En réalité, disent en privé les meilleurs experts officiels, le vrai péril n’est pas là. Il tient, ce péril islamiste réel, en un échec conceptuel, plus une incapacité matérielle.
ÉCHEC CONCEPTUEL : revendication, certes, de l’entité « État islamique » – mais qui a organisé les pires attentats, Paris et Bruxelles, 2015-2016 ? Pour le procureur de Paris, (réquisitoire, 484 pages) » projet mûrement construit… attentat bien planifié, exécuté par une équipe entraînée et déterminée… préparatifs quasi-militaires… modes opératoires sophistiqués… processus complexe de passage à l’acte… coopération avec un donneur d’ordre… concertation ». Une structure solide, capable de planification durable, avec réseau de soutien, groupe d’action, commandite extérieure – loin d’une fratrie confuse, agissant sur coup de tête pour « venger le prophète », comme vite énoncé à l’origine.
Avec prescience, Le Monde observe le 11 novembre 2017 : » Loin des récentes et rudimentaires attaques au couteau ou à la voiture-bélier, ces attentats sont le fruit d’une réelle « ingénierie » djihadiste.
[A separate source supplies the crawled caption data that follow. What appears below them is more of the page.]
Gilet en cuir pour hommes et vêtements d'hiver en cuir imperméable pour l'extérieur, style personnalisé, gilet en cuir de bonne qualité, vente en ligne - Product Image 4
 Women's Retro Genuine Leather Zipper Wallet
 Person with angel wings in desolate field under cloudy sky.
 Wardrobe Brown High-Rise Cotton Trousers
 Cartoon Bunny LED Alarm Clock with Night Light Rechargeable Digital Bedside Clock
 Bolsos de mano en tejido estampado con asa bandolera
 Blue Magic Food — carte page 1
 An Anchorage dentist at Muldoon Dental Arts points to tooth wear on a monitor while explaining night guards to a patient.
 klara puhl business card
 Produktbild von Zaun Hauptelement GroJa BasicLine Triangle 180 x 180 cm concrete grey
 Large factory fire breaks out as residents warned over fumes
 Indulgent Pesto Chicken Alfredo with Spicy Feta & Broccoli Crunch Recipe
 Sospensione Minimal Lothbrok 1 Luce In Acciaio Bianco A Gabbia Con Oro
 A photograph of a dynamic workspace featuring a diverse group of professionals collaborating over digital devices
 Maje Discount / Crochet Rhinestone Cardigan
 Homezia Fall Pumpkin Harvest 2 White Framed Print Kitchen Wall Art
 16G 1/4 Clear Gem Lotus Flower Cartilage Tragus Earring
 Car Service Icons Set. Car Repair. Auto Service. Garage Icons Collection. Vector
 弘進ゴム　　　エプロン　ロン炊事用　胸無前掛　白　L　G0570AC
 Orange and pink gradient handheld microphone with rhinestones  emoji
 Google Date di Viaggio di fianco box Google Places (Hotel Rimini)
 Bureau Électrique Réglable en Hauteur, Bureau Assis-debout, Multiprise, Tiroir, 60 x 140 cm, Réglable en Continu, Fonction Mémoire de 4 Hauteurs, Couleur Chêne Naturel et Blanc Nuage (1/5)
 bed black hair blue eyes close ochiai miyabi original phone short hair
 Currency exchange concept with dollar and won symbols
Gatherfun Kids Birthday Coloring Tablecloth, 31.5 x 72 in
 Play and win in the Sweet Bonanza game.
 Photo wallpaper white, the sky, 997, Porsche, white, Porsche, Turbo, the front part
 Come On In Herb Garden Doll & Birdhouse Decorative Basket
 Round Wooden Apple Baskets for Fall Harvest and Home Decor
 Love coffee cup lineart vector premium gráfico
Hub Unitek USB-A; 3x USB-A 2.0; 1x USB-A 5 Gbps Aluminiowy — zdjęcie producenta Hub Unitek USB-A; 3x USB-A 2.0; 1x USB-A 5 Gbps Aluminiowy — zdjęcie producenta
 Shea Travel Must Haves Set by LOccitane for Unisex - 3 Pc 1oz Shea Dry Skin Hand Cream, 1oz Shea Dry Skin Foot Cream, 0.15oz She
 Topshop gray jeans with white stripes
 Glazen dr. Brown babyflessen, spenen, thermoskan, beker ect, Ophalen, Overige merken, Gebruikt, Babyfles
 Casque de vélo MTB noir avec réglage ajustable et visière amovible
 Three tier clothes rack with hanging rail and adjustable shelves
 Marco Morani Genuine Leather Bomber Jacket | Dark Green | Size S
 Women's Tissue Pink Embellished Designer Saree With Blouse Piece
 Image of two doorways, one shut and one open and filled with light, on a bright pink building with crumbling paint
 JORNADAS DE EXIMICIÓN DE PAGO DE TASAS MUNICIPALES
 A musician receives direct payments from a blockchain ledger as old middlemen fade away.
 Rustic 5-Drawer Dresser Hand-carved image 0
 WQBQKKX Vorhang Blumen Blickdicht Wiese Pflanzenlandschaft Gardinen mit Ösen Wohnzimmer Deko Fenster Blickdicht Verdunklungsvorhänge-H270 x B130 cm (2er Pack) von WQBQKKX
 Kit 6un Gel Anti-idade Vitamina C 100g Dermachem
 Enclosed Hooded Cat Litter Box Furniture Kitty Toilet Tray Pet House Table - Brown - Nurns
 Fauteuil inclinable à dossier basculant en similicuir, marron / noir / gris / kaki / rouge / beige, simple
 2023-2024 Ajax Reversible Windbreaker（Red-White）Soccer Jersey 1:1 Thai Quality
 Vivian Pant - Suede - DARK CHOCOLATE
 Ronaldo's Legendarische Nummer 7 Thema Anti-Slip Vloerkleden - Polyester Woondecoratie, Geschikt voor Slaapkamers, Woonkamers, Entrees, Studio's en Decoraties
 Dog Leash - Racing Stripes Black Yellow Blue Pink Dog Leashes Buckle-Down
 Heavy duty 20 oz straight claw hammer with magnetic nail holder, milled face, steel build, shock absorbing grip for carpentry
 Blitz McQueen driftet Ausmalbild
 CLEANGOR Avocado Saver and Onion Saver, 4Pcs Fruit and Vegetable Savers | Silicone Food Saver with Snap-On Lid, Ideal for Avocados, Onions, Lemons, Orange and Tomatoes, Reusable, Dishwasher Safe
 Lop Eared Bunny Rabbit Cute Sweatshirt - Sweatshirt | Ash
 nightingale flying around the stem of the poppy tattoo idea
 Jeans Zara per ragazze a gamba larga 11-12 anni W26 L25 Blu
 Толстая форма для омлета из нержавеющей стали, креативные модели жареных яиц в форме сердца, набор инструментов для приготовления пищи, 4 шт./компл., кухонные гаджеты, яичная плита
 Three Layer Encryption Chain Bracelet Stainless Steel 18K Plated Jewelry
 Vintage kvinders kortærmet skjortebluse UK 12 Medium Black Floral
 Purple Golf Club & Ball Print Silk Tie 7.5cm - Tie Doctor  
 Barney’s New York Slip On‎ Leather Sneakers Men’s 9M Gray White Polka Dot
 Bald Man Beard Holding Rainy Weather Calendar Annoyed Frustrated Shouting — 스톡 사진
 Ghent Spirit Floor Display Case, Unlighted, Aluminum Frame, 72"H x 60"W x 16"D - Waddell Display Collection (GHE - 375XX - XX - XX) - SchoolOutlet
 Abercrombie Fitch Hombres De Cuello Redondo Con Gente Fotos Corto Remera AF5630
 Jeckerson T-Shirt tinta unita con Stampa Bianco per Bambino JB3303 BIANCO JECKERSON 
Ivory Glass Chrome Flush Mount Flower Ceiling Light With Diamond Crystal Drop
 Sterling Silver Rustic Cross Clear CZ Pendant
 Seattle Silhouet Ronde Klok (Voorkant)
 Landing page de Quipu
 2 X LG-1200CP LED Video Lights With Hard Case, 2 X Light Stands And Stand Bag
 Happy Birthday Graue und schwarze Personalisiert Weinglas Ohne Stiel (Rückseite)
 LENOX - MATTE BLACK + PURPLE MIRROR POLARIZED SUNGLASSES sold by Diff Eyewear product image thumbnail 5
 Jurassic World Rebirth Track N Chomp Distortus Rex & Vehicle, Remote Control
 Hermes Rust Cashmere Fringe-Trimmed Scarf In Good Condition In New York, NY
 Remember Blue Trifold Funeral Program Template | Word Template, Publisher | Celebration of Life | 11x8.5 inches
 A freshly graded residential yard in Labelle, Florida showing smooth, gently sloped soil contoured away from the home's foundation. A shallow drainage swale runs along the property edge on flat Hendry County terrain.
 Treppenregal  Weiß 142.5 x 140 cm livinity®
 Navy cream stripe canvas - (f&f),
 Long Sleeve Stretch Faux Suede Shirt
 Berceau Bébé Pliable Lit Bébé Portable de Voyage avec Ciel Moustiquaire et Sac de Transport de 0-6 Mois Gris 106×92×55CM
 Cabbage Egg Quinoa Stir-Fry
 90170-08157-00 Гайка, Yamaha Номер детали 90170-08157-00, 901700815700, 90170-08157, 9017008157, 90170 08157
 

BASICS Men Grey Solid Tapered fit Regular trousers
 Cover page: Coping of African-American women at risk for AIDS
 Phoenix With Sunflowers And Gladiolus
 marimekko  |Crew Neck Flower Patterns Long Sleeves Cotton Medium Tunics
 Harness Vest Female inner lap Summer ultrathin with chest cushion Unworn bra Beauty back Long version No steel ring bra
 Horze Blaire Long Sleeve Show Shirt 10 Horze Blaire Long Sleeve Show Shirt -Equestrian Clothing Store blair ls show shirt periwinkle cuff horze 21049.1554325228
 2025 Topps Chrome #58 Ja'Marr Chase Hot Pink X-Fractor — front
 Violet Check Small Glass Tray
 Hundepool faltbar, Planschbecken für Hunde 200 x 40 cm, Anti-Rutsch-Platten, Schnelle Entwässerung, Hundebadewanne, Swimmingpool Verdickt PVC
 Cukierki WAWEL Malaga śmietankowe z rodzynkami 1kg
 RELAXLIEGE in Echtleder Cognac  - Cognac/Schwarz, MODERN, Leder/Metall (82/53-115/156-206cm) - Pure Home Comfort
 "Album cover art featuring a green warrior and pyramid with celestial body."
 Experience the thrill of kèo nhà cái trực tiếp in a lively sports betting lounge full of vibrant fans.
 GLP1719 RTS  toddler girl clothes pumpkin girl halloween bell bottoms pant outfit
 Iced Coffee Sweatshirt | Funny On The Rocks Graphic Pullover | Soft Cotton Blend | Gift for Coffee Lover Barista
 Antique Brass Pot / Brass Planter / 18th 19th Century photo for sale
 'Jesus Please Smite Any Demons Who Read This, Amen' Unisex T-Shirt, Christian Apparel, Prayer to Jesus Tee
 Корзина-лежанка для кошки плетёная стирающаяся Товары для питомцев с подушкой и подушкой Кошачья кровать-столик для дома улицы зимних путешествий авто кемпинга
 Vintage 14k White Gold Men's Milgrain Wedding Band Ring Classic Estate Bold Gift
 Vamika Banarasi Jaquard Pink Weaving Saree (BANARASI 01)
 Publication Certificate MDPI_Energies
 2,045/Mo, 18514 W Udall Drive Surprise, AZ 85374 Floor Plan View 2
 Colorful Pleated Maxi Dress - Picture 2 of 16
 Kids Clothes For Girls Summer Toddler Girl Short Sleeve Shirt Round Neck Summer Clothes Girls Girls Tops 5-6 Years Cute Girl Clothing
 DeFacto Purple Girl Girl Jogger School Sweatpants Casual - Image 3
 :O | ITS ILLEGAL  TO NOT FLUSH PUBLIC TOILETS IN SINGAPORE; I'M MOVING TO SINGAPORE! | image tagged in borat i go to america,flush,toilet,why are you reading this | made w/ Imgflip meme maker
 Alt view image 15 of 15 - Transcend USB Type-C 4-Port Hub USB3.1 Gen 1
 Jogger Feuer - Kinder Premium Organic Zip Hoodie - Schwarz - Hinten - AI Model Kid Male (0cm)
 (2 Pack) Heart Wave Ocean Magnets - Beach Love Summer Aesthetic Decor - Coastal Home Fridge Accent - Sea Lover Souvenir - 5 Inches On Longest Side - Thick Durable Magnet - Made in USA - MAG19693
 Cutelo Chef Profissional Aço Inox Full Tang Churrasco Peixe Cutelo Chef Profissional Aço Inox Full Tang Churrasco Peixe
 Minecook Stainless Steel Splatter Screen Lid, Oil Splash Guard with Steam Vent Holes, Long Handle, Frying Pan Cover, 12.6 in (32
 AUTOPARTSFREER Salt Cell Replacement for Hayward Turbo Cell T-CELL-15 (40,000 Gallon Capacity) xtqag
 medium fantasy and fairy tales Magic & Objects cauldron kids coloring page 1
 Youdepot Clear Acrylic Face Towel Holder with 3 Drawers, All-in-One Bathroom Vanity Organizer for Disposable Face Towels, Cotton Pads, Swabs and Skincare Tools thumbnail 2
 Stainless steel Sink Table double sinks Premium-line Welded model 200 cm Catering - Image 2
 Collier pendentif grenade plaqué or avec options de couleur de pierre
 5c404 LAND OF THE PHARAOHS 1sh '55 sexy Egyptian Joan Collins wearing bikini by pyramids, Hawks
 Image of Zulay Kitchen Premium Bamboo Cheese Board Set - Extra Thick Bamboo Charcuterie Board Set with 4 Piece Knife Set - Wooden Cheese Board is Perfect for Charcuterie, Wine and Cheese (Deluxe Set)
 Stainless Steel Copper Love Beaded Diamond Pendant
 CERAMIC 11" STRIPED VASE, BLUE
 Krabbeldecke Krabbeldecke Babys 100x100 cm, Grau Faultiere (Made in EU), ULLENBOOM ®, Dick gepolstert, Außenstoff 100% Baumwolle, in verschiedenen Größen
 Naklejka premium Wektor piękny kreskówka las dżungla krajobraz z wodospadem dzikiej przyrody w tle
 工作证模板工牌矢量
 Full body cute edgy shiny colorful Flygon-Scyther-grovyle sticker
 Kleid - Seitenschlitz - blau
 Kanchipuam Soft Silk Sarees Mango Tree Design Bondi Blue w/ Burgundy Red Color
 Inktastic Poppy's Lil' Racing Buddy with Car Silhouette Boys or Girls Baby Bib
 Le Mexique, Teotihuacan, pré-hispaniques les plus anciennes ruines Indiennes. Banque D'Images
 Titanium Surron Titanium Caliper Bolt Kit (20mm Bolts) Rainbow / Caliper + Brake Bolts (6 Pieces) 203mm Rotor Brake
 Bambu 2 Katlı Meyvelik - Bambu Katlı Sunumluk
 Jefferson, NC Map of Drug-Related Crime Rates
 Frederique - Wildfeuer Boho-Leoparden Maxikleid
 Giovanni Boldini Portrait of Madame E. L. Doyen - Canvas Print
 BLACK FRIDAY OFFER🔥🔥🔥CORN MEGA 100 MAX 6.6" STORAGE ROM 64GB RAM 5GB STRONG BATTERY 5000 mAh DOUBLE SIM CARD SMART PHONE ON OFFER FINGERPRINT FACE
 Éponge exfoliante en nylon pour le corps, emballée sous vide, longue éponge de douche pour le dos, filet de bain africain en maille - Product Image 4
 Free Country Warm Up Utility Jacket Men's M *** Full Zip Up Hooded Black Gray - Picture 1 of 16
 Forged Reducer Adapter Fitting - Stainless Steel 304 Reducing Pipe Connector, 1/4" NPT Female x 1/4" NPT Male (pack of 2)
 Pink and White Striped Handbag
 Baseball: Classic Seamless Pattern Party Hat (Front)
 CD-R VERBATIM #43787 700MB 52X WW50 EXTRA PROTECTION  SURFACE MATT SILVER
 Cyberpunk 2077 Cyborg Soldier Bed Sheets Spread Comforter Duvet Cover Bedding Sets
Le résultat d’un plan type « poupées russes », savamment pensé en amont [nous soulignons] : un grand nombre de kamikazes, « coordinateurs » à distance, une demi-dizaine de planques et soutien de petites mains plus ou moins radicalisées. » Bref : les attentats de Paris et de Bruxelles semblent bien complexes pour avoir germé dans le seul esprit d’abrutis à la Abdeslam & co.
INCAPACITÉ MATÉRIELLE : d’évidence, les noyaux islamistes sont conçus dans les nids douillets, voire les couveuses des quartiers hors-contrôle où – gémissent platoniquement des politiciens depuis 50 ans – « La République a disparu ». En janvier 2020 encore, révèle un rapport attribué au Renseignement intérieur, 150 quartiers (compte minimaliste) seraient « sous l’emprise de l’islamisme », banlieues ou petites villes. Ici, les preuves abondent : Radouane Lakdim, assassin du colonel Beltrame, opérait depuis un coupe-gorge de Carcassonne ; Amedy Coulibaly (Hyper Cacher) était issu de la Grande-Borne, cité où ensuite, des policiers furent sévèrement brûlés au cocktail-Molotov en octobre 2016.
Au Nouvel-an, on a vu que nombre des incendiaires-émeutiers venaient de tels coupe-gorge, zones chaotiques relevant de la « Politique de la Ville », volet préventif de toute stratégie sécuritaire. Mais depuis son élection – trente-trois mois – M. Macron ne fait rien à ce sujet ; son « Conseil présidentiel des villes » agonise loin de lui, parmi des démissions en nombre. Ainsi :
– Savoir à coup sûr qui vraiment « influence », voire manipule l’État islamique,
– Pouvoir faire du renseignement dans des quartiers sous contrôle de bandits et de salafistes, souvent issus des mêmes clans, des mêmes cages d’escalier, etc.
Tels sont les problèmes réels de l’antiterrorisme au début de l’an 2020.
Pas sûr que l’actuel gouvernement puisse le comprendre, ni agir en conséquence.